The touristic coconut palm abounds, be it in advertising or planted in tropical tourist resorts; but all in all, little is known about coconut and its diversity in that professional environment. As far as cultural aspects, eco-tourism and gastronomy are concerned, coconut still requires further integration. In some countries, coconut-based handicrafts are developing, but further progress also remains to be made. The answer lies in developing projects that combine eco-tourism, the renewal of local cultures, the conservation of genetic resources, and their use in landscaping, gastronomy and handicrafts.
The agricultural coconut palm is examined from the angle of the planting material used in plantations, and the background of breeding techniques used for that material: low-efficiency mass selection, progeny-based selection, the advent of coconut hybrids and their improvement. The coconut palm seems to be evolving from the status of an industrial crop to a fruit, food and environmental crop.
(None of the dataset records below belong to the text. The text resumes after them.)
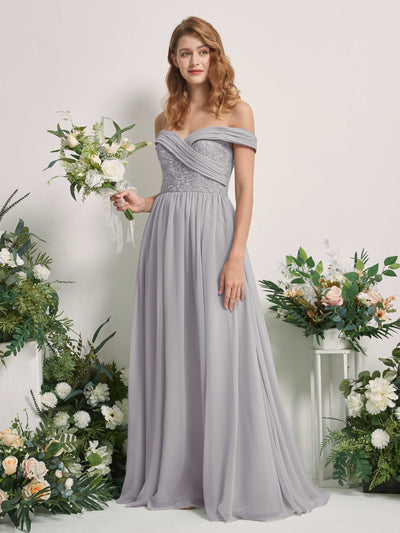 Carlyna Leona A-Line Dove Embroidered Bridesmaid Dress Maxi Sleeveless Sweetheart Dress #color_dove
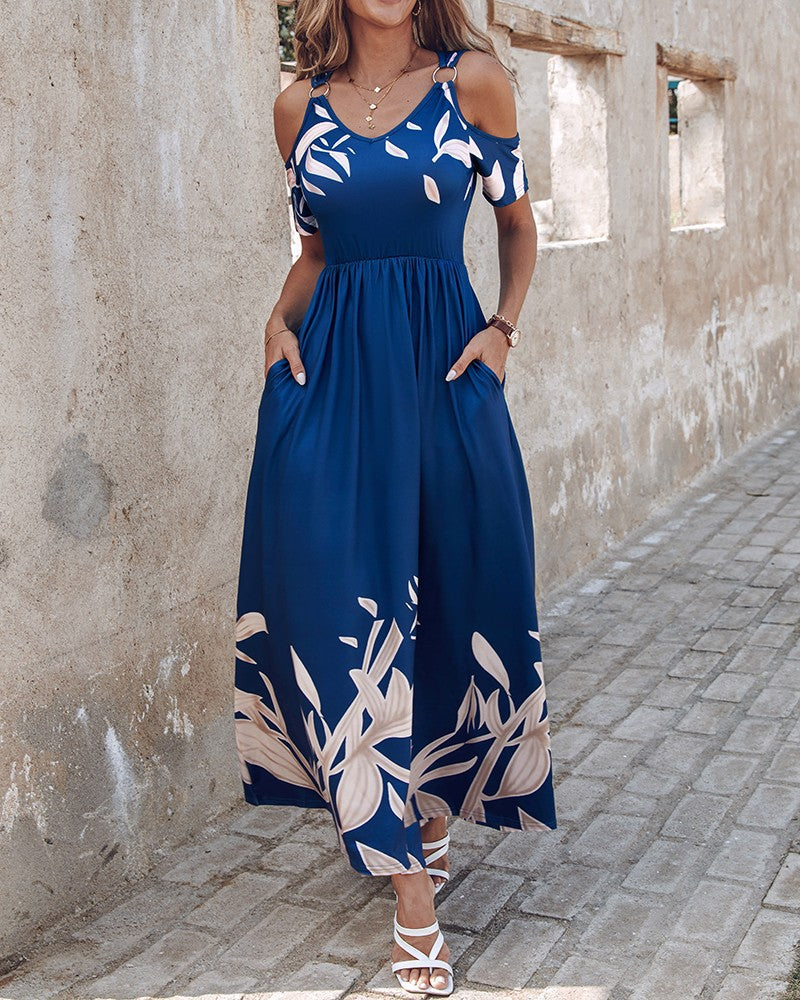 Robe Maxi Fleurs à Épaules Dénudées Chic und Stil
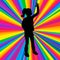 Silhouette dancing human, vector music battle party, disco ray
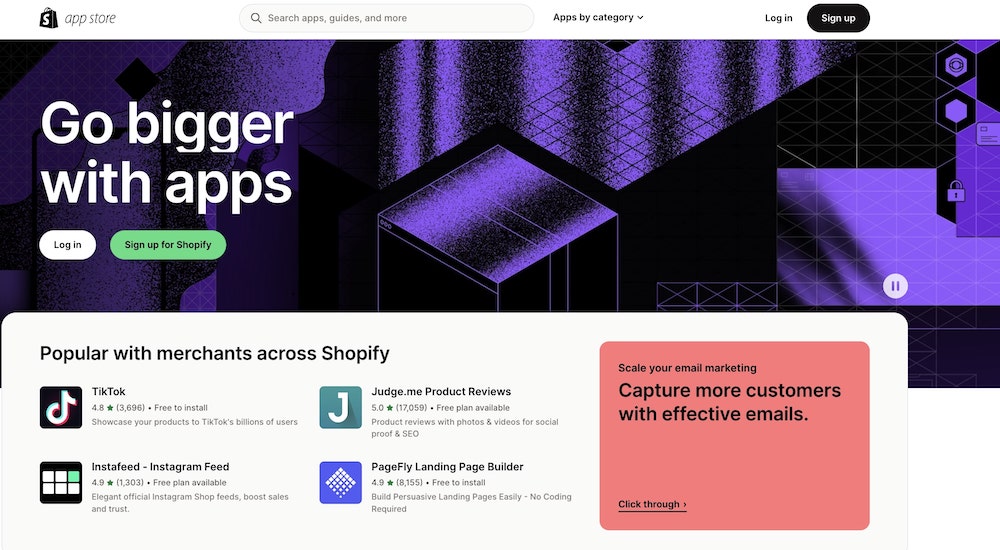 BigCommerce vs Shopify: Shopify app store screenshot.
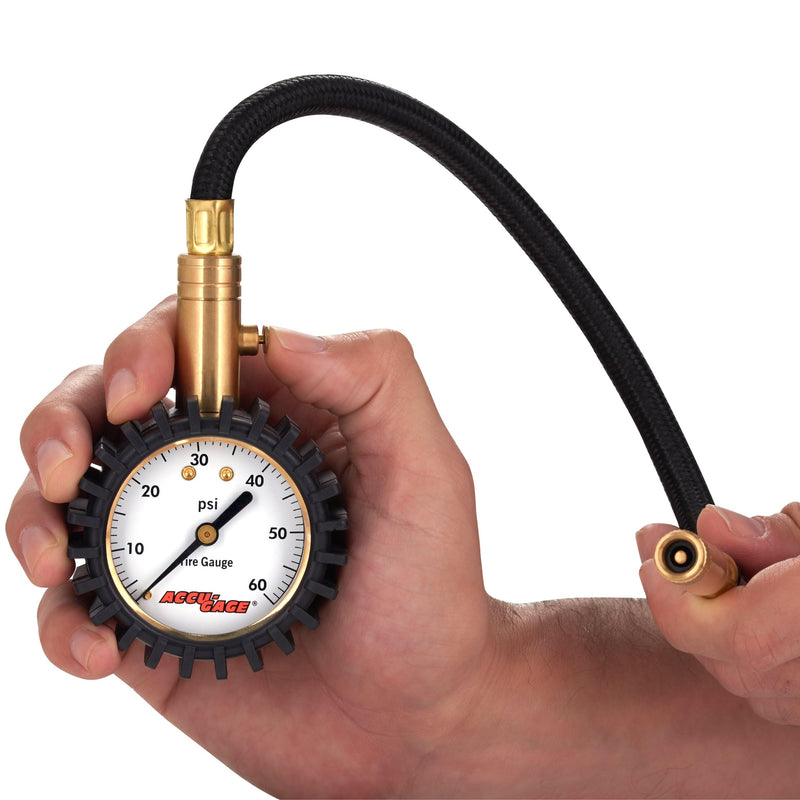 Accu-Gage RH60X Professional Tire Pressure Gauge with Protective Rubber Guard (60 PSI),Straight Chuck 60 PSI Straight Chuck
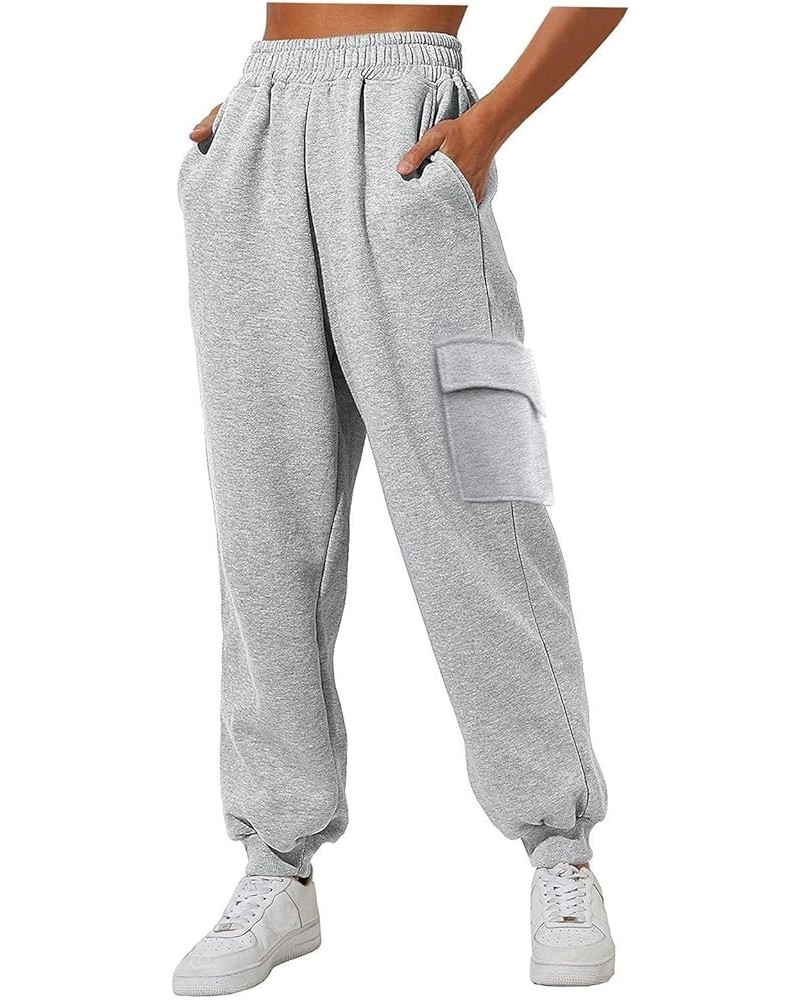 Sweatpants Women Baggy Plus Size High Waisted Cozy Jogging Pants Pure Color Leisure Exercise Yoga Trousers J-grey $7.97 Activ...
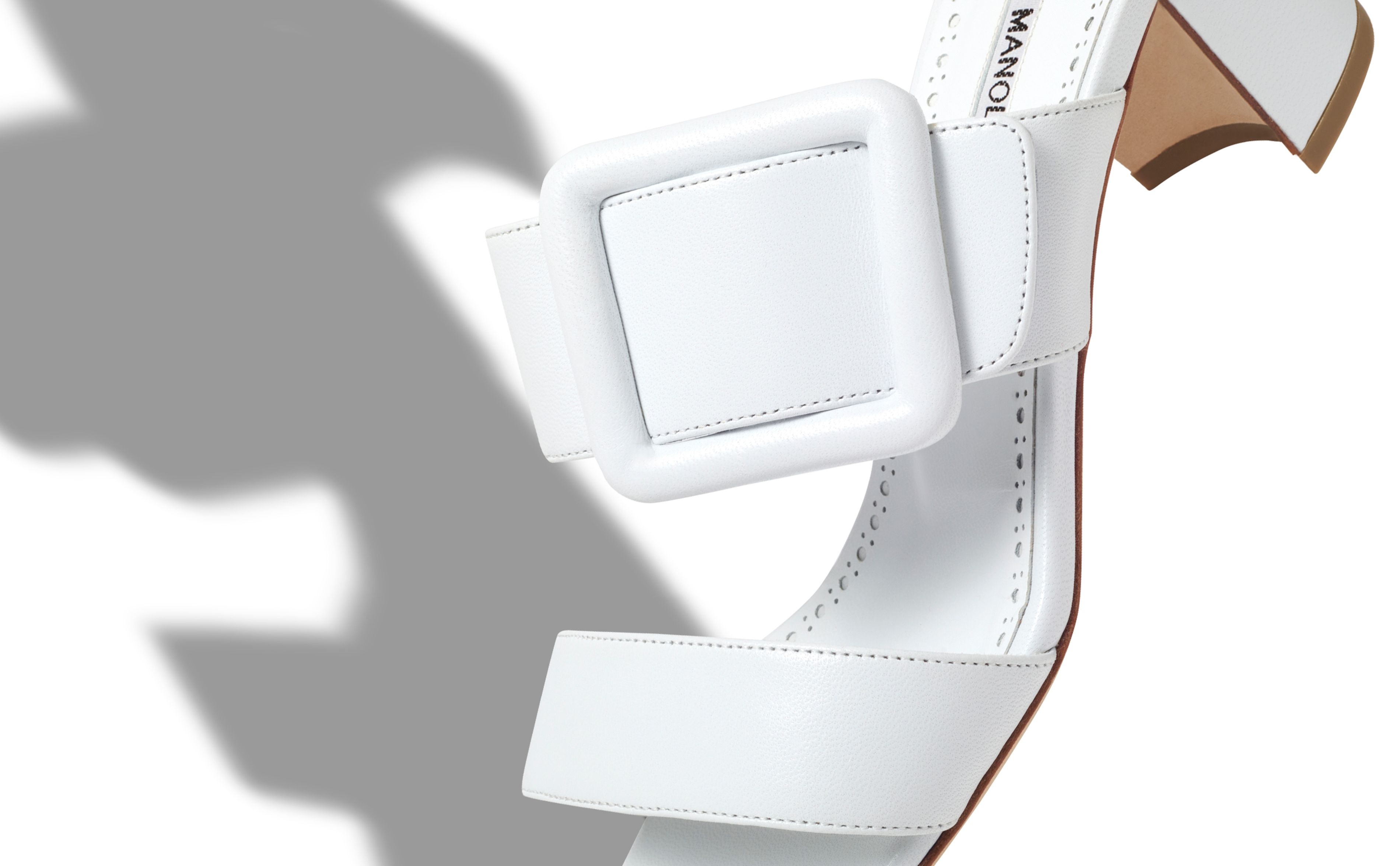 White Nappa Leather Open Toe Mules - 4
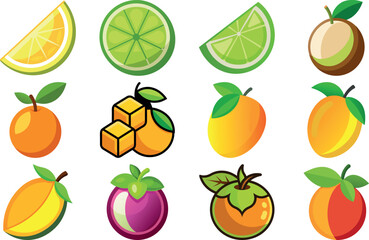 WebSet of Bright, Fun, and Vibrant Cartoon Fruit Icons: Vector Illustrations of Apple, Raspberry, Banana, Cherry, Carambola, Strawberry, and Exotic Tropical Berries and Produce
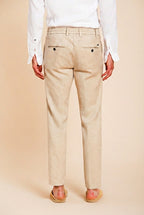 Milano Jogger men's chino pants in linen and cotton twill extra slim fit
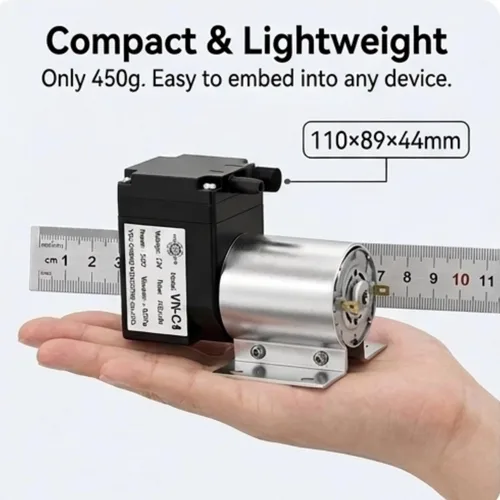 Vista 6 de FTVOGUE Bomba de vacío sin aceite DC12V 42W mini bomba de presión del pistón del cepillo 40L/min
We would like this lecture not to be attended not only by farmers and scientists, but also landscape gardeners, mayors, those in charge of regional planning, managers of tourist complexes and travel agencies, associations for the renewal of local culture and lastly, of course, nurserymen and gardeners. The lecture ends by presentation of the book "Coconut, a guide to traditional and improved varieties", of which the lecturer is first author.